Detection of heterologously expressed M. inceptum AOX activity in mitochondria of intact Saccharomyces cerevisiae cells
For heterologous expression of M. inceptum AOX, the coding sequence of the protein was identified by bioinformatics methods (for details see electronic supplementary material, figure S1 and figure S2). The expression in was perform by CRISPR/Cas9 and S. cerevisiae BY4741 strain (MATa, his3Δ, leu2Δ, met15Δ, ura3Δ) (EUROSCARF) transformation by electroporation (for details see electronic supplementary material, figure S3).
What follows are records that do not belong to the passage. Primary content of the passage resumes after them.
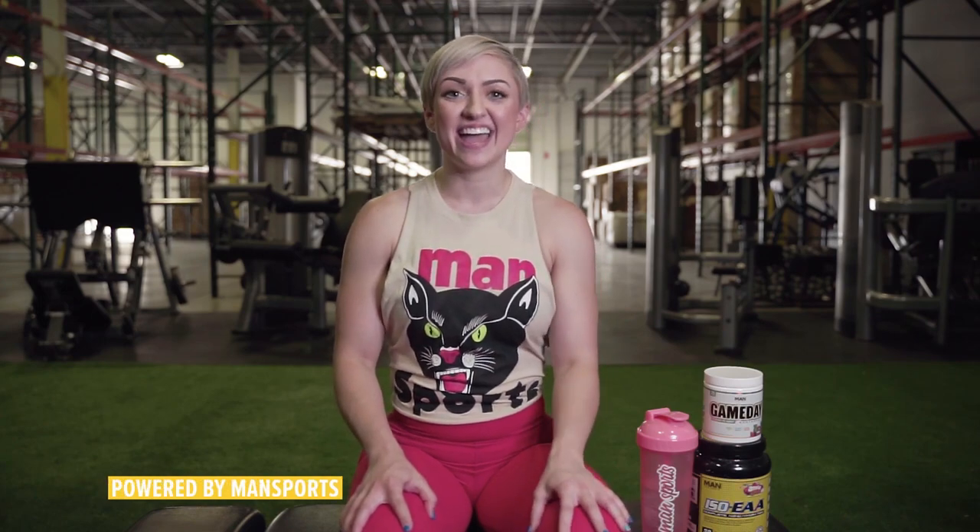What's up y'all, I'm Anna Quinn. I am a certified personal trainer through NASM, NCCPT, and ACE. I am here today to show you guys a full workout. We're going to be doing arms and a little bit of abs. So without further ado, let's get started.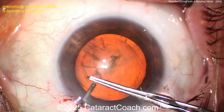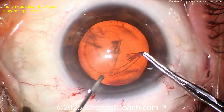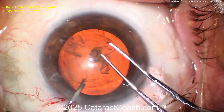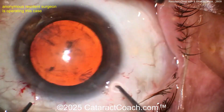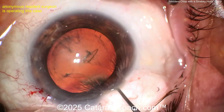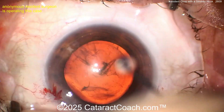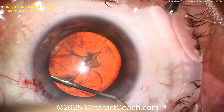Here comes the rhexis. Obviously a very experienced resident surgeon here, because you're getting a beautiful rhexis — exactly the way you outlined it, about five to five-and-a-half millimeters. Now getting some viscoelastic out of the eye, but see how the incision is a little short — I don't like that cone incision. I'm being honest.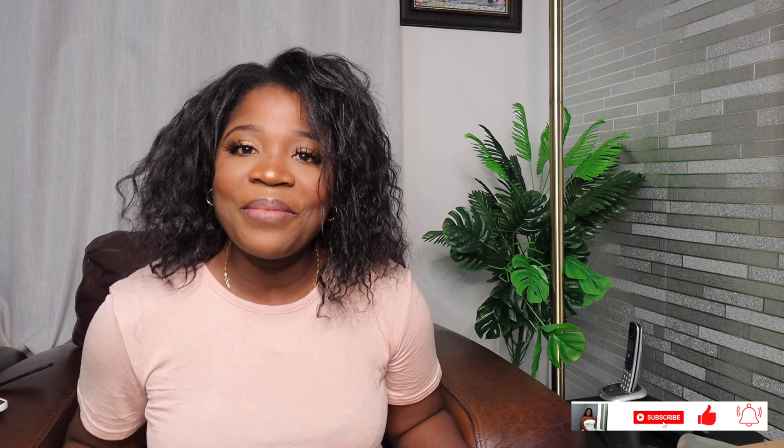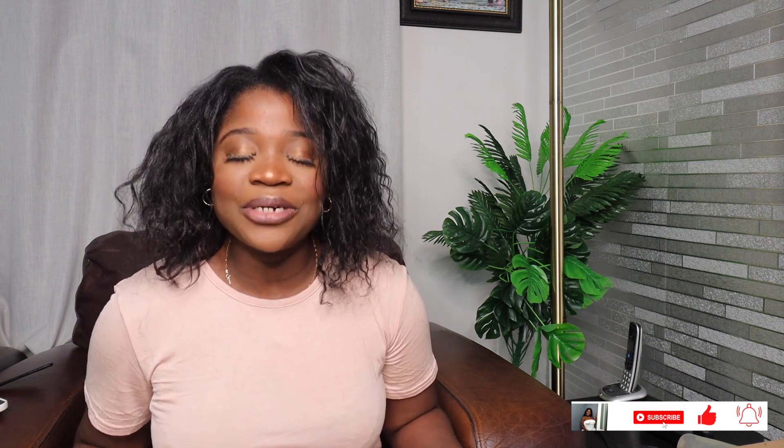Hi guys, welcome back to my YouTube channel. It's your girl Jo Queen back with another video. How are you guys doing? I hope you guys had a Merry Christmas and enjoyed yourself just as much as I did. Thank you so much for coming — if you're a new subscriber, please don't forget to press the subscribe button below. If you're returning, thank you so much for coming back and I really appreciate all your support.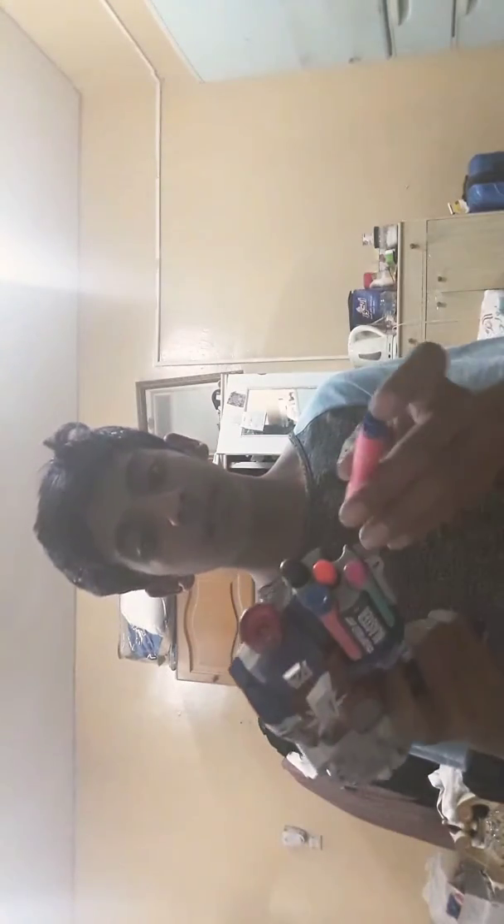I've gone ahead and loaded up 5 darts in the storage chamber. It came with these darts but I have other kinds of darts. Firing is pretty basic — you just pump it in the back and then you fire it.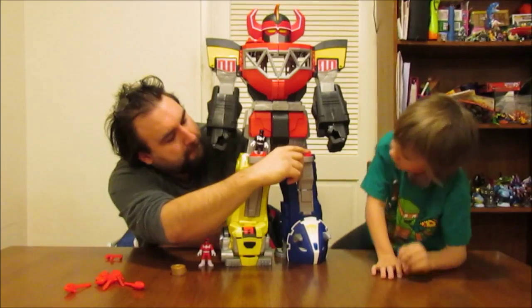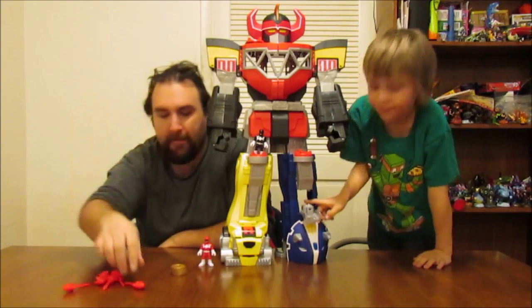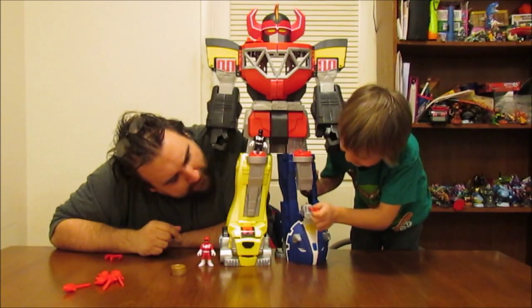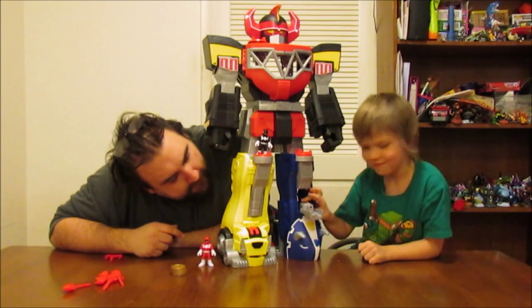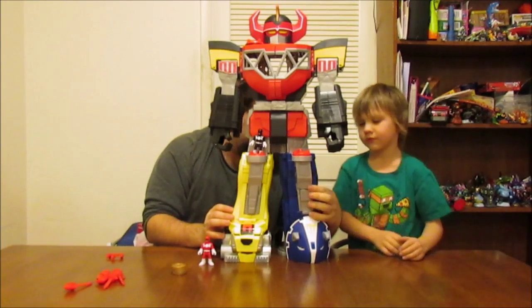No, the red part at the top — put the Power Ranger up there. He's going to open it himself. What is that? It's a shooter! You want to load it up? We're going to do a little demonstration. Ready? Move your hand. Whoa! It actually does go pretty far. That's awesome.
Cells of the resulting BY4741 + AOX yeast strain (MATa, his3Δ, leu2Δ, met15Δ, ura3Δ, gal1Δ::Mi-AOX) were grown in YPG medium (1% yeast extract, 2% peptone, 3% glycerol, pH 5.5) containing a non-fermentable carbon source that requires functioning mitochondria [35]. The cells were grown to OD550 = 1, then galactose at a final concentration of 2% was added to induce and maintain AOX expression for 24 h. In parallel, control yeast cells were cultured in the absence of galactose. Then, yeast cells were washed twice with double distilled water (ddH2O), resuspended in 100 µL of YPG and quantified by OD550 measurement. For the same amount of cells, rates of oxygen uptake were determined in 1 mL of YPG using a Clark electrode (Hansatech Instruments). To determine bioenergetics parameters related to AOX activity, 1mM KCN (to inhibit the MRC complex IV, i.e., cytochrome c oxidase) and 3 mM BHAM (to inhibit alternative oxidase) were applied. The applied final concentrations of KCN and BHAM were verified experimentally to achieve saturation.
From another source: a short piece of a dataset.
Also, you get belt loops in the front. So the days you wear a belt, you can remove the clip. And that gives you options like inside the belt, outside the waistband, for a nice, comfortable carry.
Detection of M. inceptum AOX presence in isolated S. cerevisiae mitochondria
Mitochondria of S. cerevisiae cells expressing AOX were isolated according to the published procedure [36]. Protein concentration was measured by the method of Bradford and albumin bovine serum (BSA), essentially fatty acid free, was used as a standard. The mitochondrial proteins were separated by SDS-PAGE in the presence of 6 M urea and gels were stained with Coomassie Brilliant Blue G-250.
Culture of M. inceptum
The initial specimens of M. inceptum were collected in a xerothermic habitat: mosses on a concrete wall in the city centre of Poznań in Poland (52°24'15"N, 16°53'18"E; 87 m asl). The extraction was performed by the standard method [37]. To maintain the culture, M. inceptum specimens were kept at 18 ºC in the darkness and at relative humidity (RH) of 40% (POL EKO KK 115 TOP+ climatic chamber) in covered Petri dishes (5.5 cm in diameter) with bottom scratched by sandpaper to allow tardigrade movement. Animals were coated with a thin layer of the culture medium being spring water (Żywiec Zdrój; Żywiec Zdrój S.A., Poland) mixed with ddH2O in 1:3 ratio. The culture medium was exchanged every week and the animals were fed with the nematode Caenorhabditis elegans Bristol N2 strain, and the rotifer Lecane inermis 1.A2.15 strain. The former was obtained from the Caenorhabditis Genetics Center at the University of Minnesota (Duluth, USA) and its culture was maintained by standard methods [38].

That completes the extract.